DETROIT - NOVEMBER 25: Shaun Hill #14 of the Detroit Lions looks for a open reciever while playing the New England Patriots on November 25 2010 at Ford Field in Detroit Michigan. (Photo by Gregory Shamus/Getty Images)
Casey writes: With all the uncertainty of the CBA and free agency and the number of teams with a need at QB, what do you think the chances are Martin Mayhew could trade Shaun Hill, and what might the Lions be able to get for him? With teams like Seattle, Arizona and Washington still needing QBs and teams like Cincinnati, Carolina and Tennessee all having the use for a veteran quarterback to help the rookies, it would seem to me a player like Shaun Hill might actually have some value on the market. With Drew Stanton playing the best he ever has at the end of last season, he could move into the backup role fairly easily.
If fans take anything away from the 2010 season, it should be that you don't undervalue the importance of quarterback depth. Yes, the injuries Lions QBs suffered involved a lot of bad luck, but the fact of the matter is they had problems staying healthy. Is it entirely possible that Matthew Stafford will make it through 2011 without any issues and Shaun Hill and Drew Stanton will never see the field? Of course it is, but there's no guarantee that will happen.
There is also no guarantee that Stanton would be able to stay on the field if Stafford were to go down again. Stanton has had injury issues dating all the way back to his time at Michigan State. He has shown he can lead the Lions' offense, but can he be relied upon to stay healthy if Stafford is hurt? I don't think that's a risk you want to take.
While I'm sure Martin Mayhew could find a team willing to give up a future draft pick for Hill, I don't see the value in making a trade. Unless a general manager loses his mind and offers a lot more than he should, there is no way the Lions should part ways with Hill. At this point it isn't about who can play and who can't. We know all three Lions QBs are competent enough to lead the offense if they have to. What's important is having all three guys around in case injury issues arise again in 2011.

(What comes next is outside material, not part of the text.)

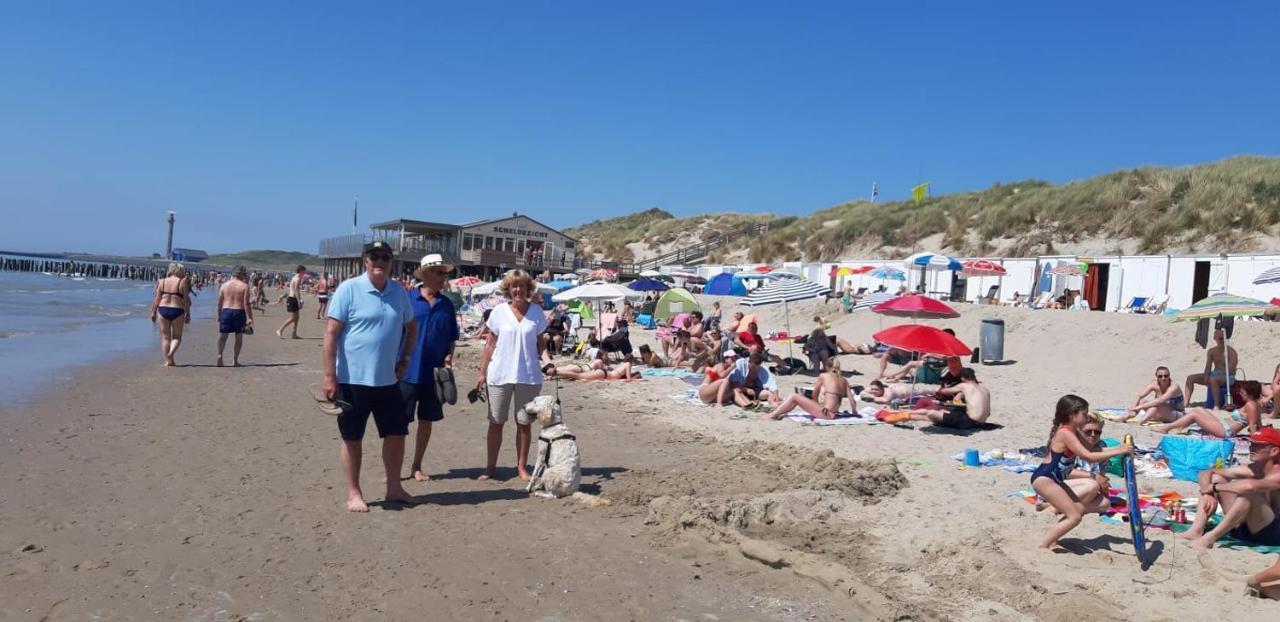 T Huuske Tuinappartement Met Fantastisch Uitzicht, Nabij Zee Zonnemaire Extérieur photo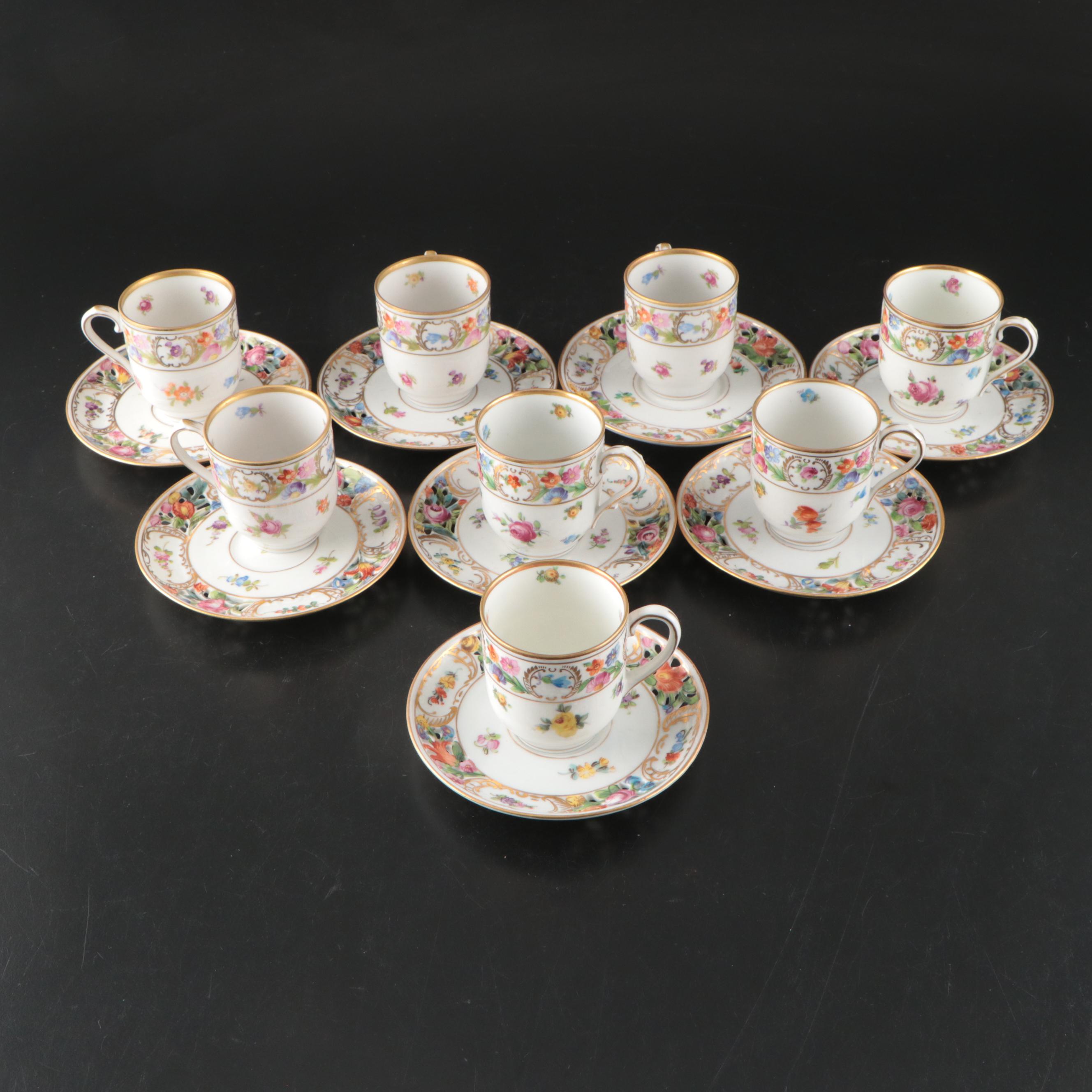 Schumann "Empress Dresden Flowers" and Other Dresden Porcelain Dinnerware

Think about it this way: Detroit needs one win to clinch a playoff spot. Stafford suffered an injury the week before and Stanton was knocked out early in the make it or break it game. Now the Lions have to pin their hopes on Zac Robinson, and whether or not their playoff drought continues all comes down to a guy that has never seen the field before. The only consolation is that the Lions have an additional third-day pick in the 2012 draft because they traded Hill. That's not a very good deal, is it?
If this were a few years ago and the Lions were a team in need of simply adding as much talent as they can, I wouldn't have a huge issue with the idea of trading a guy like Hill. The Lions aren't a team in that position anymore, though. They are potentially on the verge of finally turning this franchise around, and the value just isn't there to deal Hill. No team is going to give up enough for him to make a deal worthwhile.
The other factors in this are the player Hill is backing up and the player that would take his spot as backup if he were traded. This isn't a situation where Stafford had one freak injury after years of not missing a start. This also isn't a situation where Stanton has only had some wear and tear that is normal for an NFL quarterback. Both players have had multiple injuries in relatively short careers, and neither has proven he can stay healthy for a lengthy period of time. The same goes for Hill based on what happened last season, which is exactly why the Lions need to retain all three QBs.
There's no telling if injuries will once again torment Lions quarterbacks in 2011. Because they can't be ruled out, however, letting go of Hill, or Stanton for that matter, would be a mistake. This team is close enough to something big that they can't afford to let their season fall apart over the injury bug, which is why depth is so important. Obviously no matter who is plugged in after Stafford is going to be an enormous downgrade, but think about that scenario I presented earlier. Can you imagine the downgrade from Stanton/Hill to a guy that's never even played before, especially in a potentially pressure packed situation? It'd be pretty dumb to put yourself in that position because you wanted to acquire a future late-round draft pick. It's just not worth it for the Lions.